FROM SOCIAL MEDIA TO SOCIAL MOVEMENT
Activist Tarana Burke addressed a packed auditorium at Saint Mary’s College on Tuesday night to discuss the movement’s origins to help victims of sexual trauma heal
“When one person says, ‘yeah, me, too,’ it gives permission for others to open up.” — Tarana Burke, activist and founder of the Me Too movement
Tarana Burke wants to clear up some misconceptions about the Me Too movement.
The founder of the movement to help survivors of sexual violence has not been accustomed to giving big speeches in her decades of experience as an organizer and activist, she said. But Burke has found herself in the spotlight since the movement she started more than a decade ago was adopted by a social media hashtag and thrust to the forefront in the wake of sexual violence and harassment allegations against Hollywood producer Harvey Weinstein.
She is now in the position of helping unpack exactly what this movement is all about. It means occasionally giving speeches, which is what brought her before a rapt crowd at Saint Mary’s College in Moraga Tuesday night. She was there, she said, to set the record straight on “lots of bad information” that has circulated since the October day she woke up to find that (eventually millions of) people were posting on social media accounts the hashtag #MeToo to show the pervasiveness of sexual vio-
lence and harassment.
Among the biggest misconceptions? That the movement is about taking down powerful men, which it is “absolutely not,” Burke said.
Rather, “people are trying to find an outlet to tell their truth,” Burke said. The Me Too movement is an effort to de-stigmatize survivors of sexual violence and help them find healing, she explained. The firing of powerful men has largely been a “corporate response” when people have named notable men as assailants or harassers, including Weinstein, Charlie Rose, Kevin Spacey, and many others.
It’s problematic, Burke said, that the attention has been on those men, rather than their victims.
“We hear all about the men, the predators,” Burke said, but rarely does the public hear much about the victims, what they need or their process of healing.
It’s also important to understand that Me Too is for both women and men, including transgender men and women, Burke said. All survivors should be able to have the space to talk about it.
At the Tuesday night event, Burke also wanted to offer information about the origin of the movement, which was lost in the swirl of social media and headlines as more and more accusers stepped up and more and more alleged abusers were outed.
A native of the Bronx, Burke started a lifetime of community organizing with the 21st Century Youth Leadership Movement at age 14 and continued her efforts after moving to Alabama for college.
It was several years later, when Burke was working with young women of color in Alabama, that she realized there were few resources to help survivors of sexual violence or trauma — none of them particularly healing or helpful.
So she started creating new resources and ways to help. It began with creating “healing circles” and spaces where survivors could share information with each other, and curriculum to help them know they were not alone. A Myspace page they set up for the movement caught the attention of survivors, and Burke began sending information, resources and curriculum out so that others could do it in their own communities.

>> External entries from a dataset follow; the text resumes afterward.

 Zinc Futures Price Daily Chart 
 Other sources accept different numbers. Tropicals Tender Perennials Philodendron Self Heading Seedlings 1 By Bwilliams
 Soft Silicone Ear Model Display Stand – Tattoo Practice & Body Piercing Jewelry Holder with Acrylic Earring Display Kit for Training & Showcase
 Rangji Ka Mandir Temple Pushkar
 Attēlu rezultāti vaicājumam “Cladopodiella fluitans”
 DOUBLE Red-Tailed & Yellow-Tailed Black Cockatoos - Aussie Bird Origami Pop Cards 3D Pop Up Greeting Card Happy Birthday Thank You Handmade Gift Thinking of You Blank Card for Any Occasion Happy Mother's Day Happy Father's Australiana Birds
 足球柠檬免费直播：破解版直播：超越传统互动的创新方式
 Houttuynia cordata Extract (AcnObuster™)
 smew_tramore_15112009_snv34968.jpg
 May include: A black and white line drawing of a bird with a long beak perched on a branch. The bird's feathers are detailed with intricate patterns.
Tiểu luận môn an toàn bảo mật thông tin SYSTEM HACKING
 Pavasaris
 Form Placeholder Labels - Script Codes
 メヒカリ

“Me Too” was the phrase she settled on for the movement.
“When one person says, ‘yeah, me, too,’ it gives permission for others to open up,” Burke said.
That’s what happened in October of 2017, when actress Alyssa Milano, apparently prompted by a friend, tweeted a suggestion that women post the words “me too” if they have been sexually harassed or assaults.

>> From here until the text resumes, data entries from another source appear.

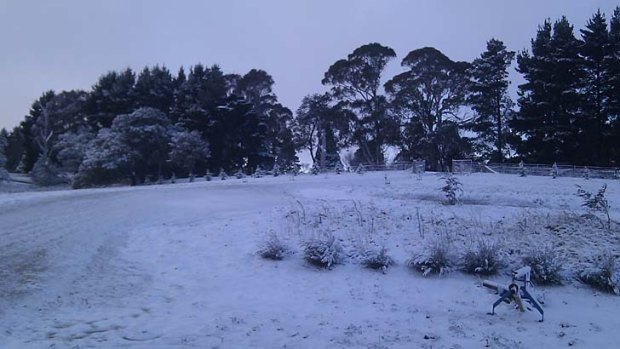 Wintery ... snow blankets the ground in Oberon.
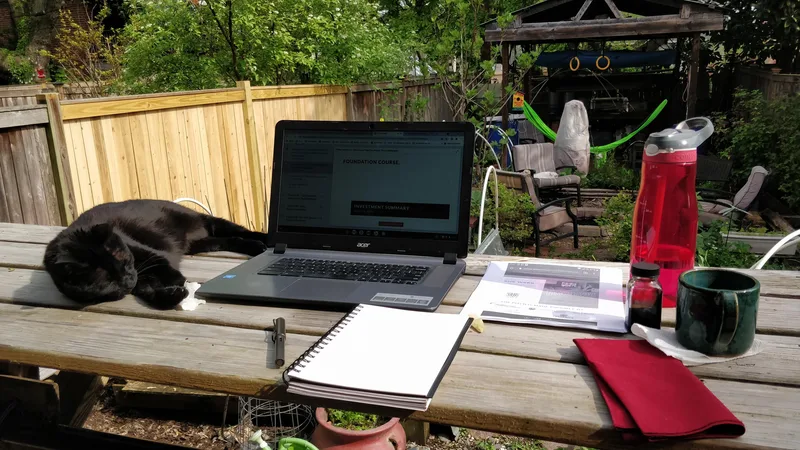 Laptop, black cat, table overlooking backyard garden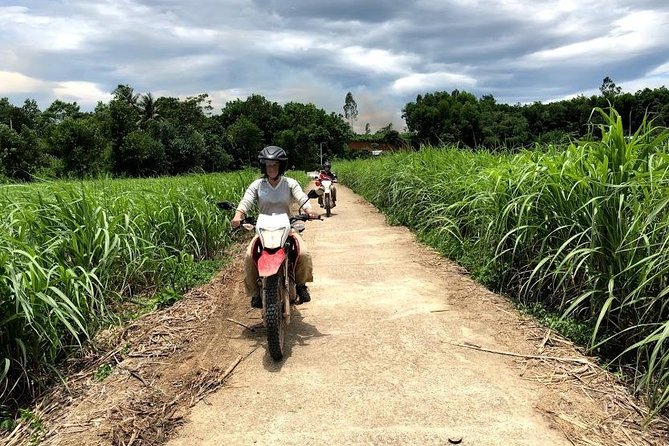 My Son Sanctuary Motorbike Tour From Hoi an - Reviews and Pricing
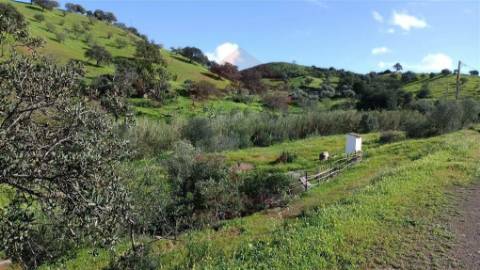 Terreno Rústico  Venda em Castro Marim,Castro Marim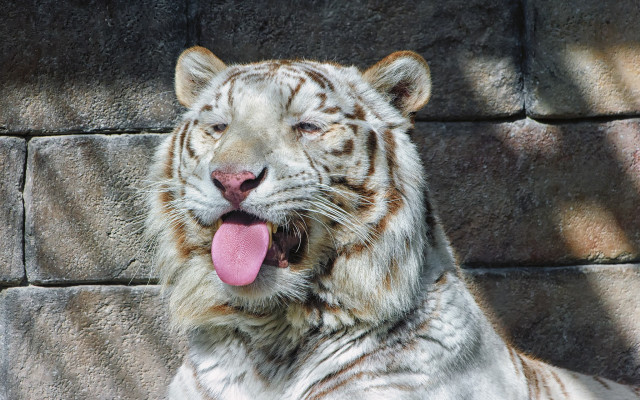 White tiger tongue out rock free wallpaper - medium preview image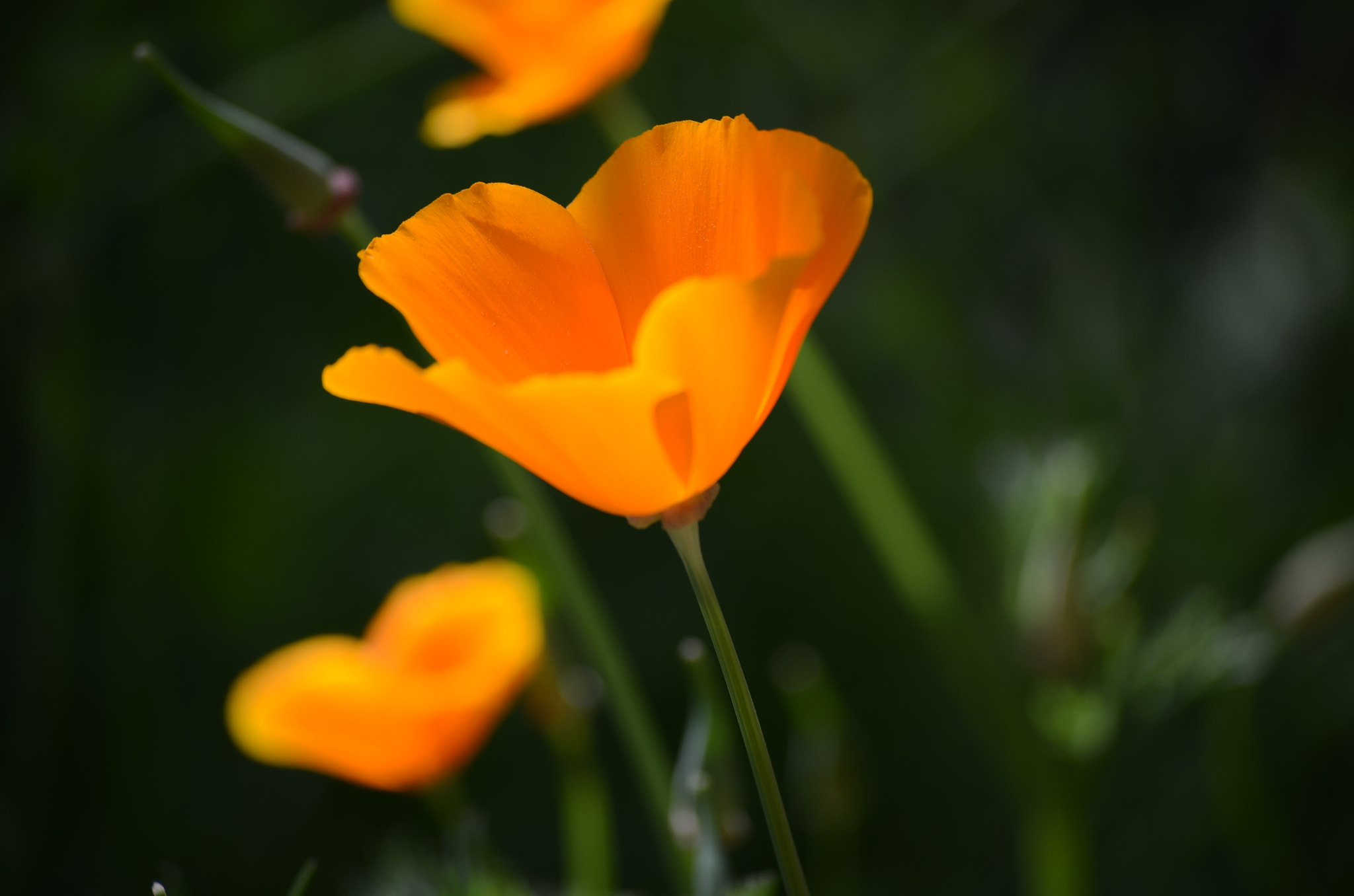 Nikon D7000 sample photo. Poppy light photography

The outpouring that followed was swift and intense. Burke, at first, panicked, she said, worried that the Me Too movement she had spearheaded for years would be altered inappropriately or misunderstood, and not forgetful that the work of people of color has historically been unfairly erased and credited to white people.
Milano, to her credit, said Burke, helped elevate Burke’s name and work when she found out about the origin of the movement. But regardless, Burke was struck by the realization that the work she had been doing was having a huge moment on the national stage, and five months later, it continues — something that still seems to surprise her.
“We have never seen a sustained national dialogue about sexual violence ever,” she told the crowd at Saint Mary’s Tuesday night. It was the last event of a series called “44 Days Honoring Black History,” a set of speeches, events, and other campus activities aimed at celebrating the contributions of Black Americans to the country and to the Saint Mary’s College campus.
Calvin Monroe, chair of this year’s inaugural program, said the theme was “collective courage,” and “who better to bring for that theme than her?” he said of Burke.
Aubrey Williams, 22, an Oakland resident and Saint Mary’s alum, said she was thrilled to learn of the inaugural series honoring Black history, and found Burke’s talk empowering.
“It struck a chord,” she said.
As members of the audience hung on Burke’s words, she seemed to know what they were thinking — what’s next for the Me Too movement?
“We have a lot of unpacking to do,” she said. “Keep digging into this issue.”
She knows that the power of pop culture means a need to capitalize on a moment, but she’ll keep doing her work, regardless of what’s going on in the media cycle.
“I have no use for celebrity, unless it’s to elevate this platform,” she said. “We need to do that together.”